Trump remains fixated with Biden weeks after he dropped out of the race
During an interview released Tuesday, Trump brought up Biden’s withdrawal from the race two separate times.
Donald Trump is no longer running against President Joe Biden.
That’s been the case for the more than six weeks since Biden bowed to Democratic pressure and withdrew from the race, weeks after his June 27 debate performance amplified long-standing fears among his own party that he could not defeat the former president.
Democrats have eagerly and swiftly moved on, turning their attention toward Vice President Kamala Harris’ campaign and the sudden burst of enthusiasm that the ticket swap generated within the party’s base.

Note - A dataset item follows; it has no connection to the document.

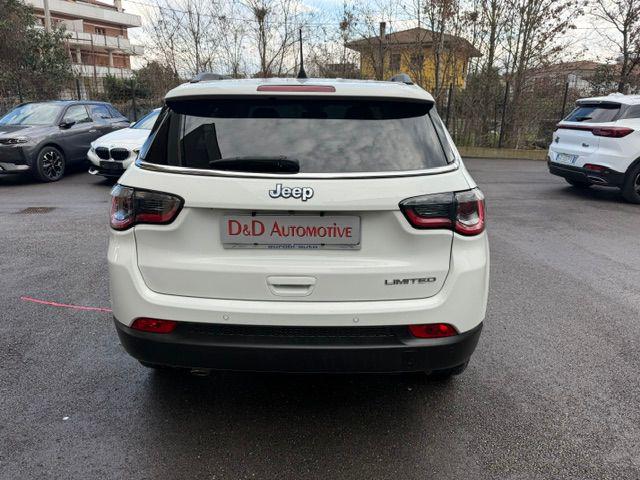 JEEP Compass usata, con Chiusura centralizzata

But in recent interviews, speeches, and on social media, Trump has regularly returned to the topic of Biden’s sudden withdrawal, describing it as a “coup” while expressing disbelief that the events of late July ever came to pass.

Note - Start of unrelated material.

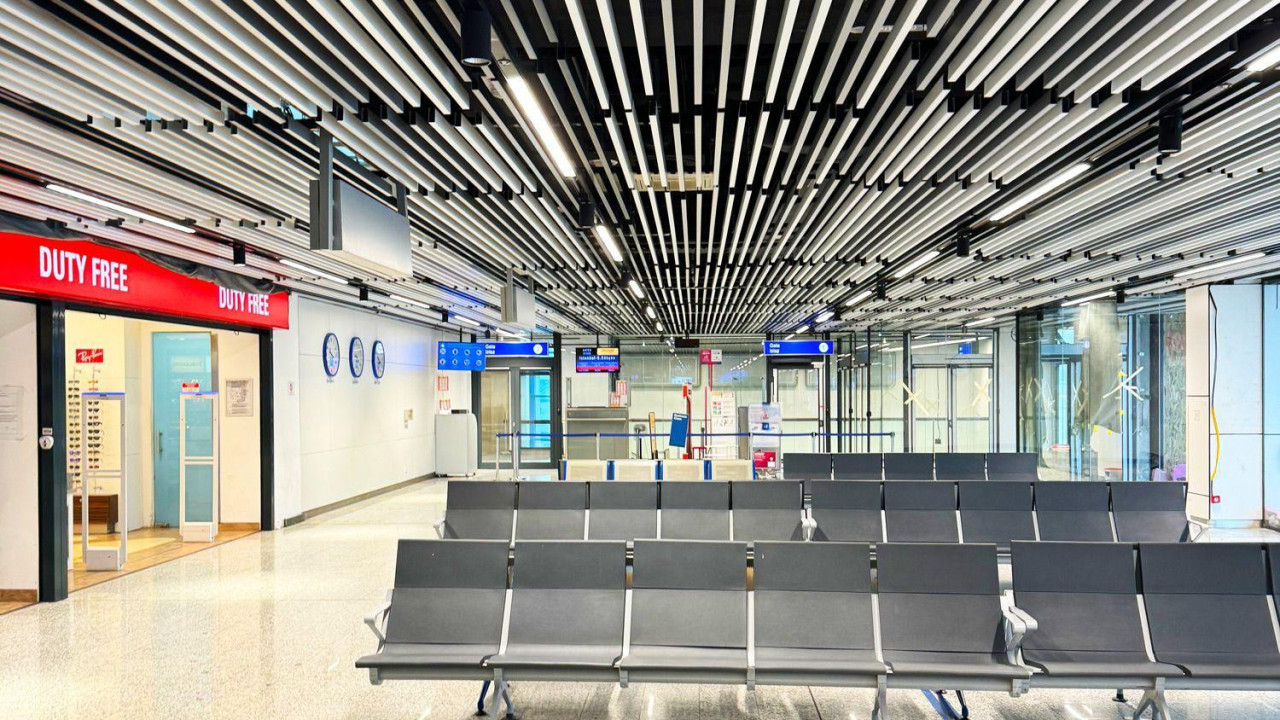 aerodrom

“You know we were up massively by Biden. How would you like to be me?” Trump said at a rally in Michigan last week. “I spent $100 million dollars on fighting him. We weren’t fighting anyone else. We weren’t fighting a vice president. We didn’t even know who the hell she was, and then all of a sudden they say, ‘Joe, you’re losing badly, you got to get out.'”
In an interview released on Tuesday, the podcaster Lex Fridman asked Trump if he would like to see Harris sit for more interviews. “I don’t know,” the former president said. “I can’t believe the whole thing is happening.”

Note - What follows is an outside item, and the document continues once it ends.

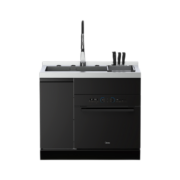 4日20点：Midea 美的 XH07 嵌入式水槽洗碗机 10套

Minutes later, he returned to the topic again in the midst of a meandering response to a question from Fridman about how he would negotiate an end to the war in Ukraine, painting a portrait of a world ablaze as Biden stands by.
“He sort of checked out,” Trump said of Biden. “Hey look, you know, you can’t blame him. That was a coup. They took it over.”
The notion that Biden’s decision was a “coup,” though often repeated by Republicans, ultimately doesn’t hold up. If anything, the tortured three weeks that Democratic officials spent trying to convince Biden to drop out illustrated the weakness of modern American political parties and the ability of one person to resist the will of the party’s base.
“You know, there was a coup,” Trump said at a Wisconsin event last week with former Democratic Rep. Tulsi Gabbard of Hawaii, going on to note Biden’s performance in this year’s relatively uncompetitive Democratic presidential primary. “I’m not a fan of his. He was the worst president. But think of this: He got 14 million votes.”
The previous week, Trump claimed in a Truth Social post that Biden was exhibiting “ANGER at being humiliated by the Democrats” during his speech at the party’s convention. “I don’t know why he gave up, I don’t know why he quit,” Trump wrote.
It’s a dynamic that’s led some Democrats to question whether Trump is personally upset by Biden’s decision to withdraw from the race. Reporting suggests that Trump’s 2024 campaign — a much more disciplined and organized operation than either of his previous campaigns — was designed specifically to beat Biden.
Trump’s campaign, of course, won’t say such things publicly. “It is important to remind voters of what happened with Biden,” Steven Cheung, Trump’s campaign spokesman, said in a statement for this story. “There was a political coup by the Democrats to force him out of the race.”
But privately, the tone is a little different. Sen. JD Vance of Ohio, Trump’s running mate, told donors that Harris’ ascent was a “political sucker punch” days after she launched her campaign, according to a recording obtained by The Washington Post.
“The bad news is that Kamala Harris does not have the same baggage as Joe Biden,” Vance said at a fundraiser, according to the recording. “Because whatever we might have to say, Kamala is a lot younger.”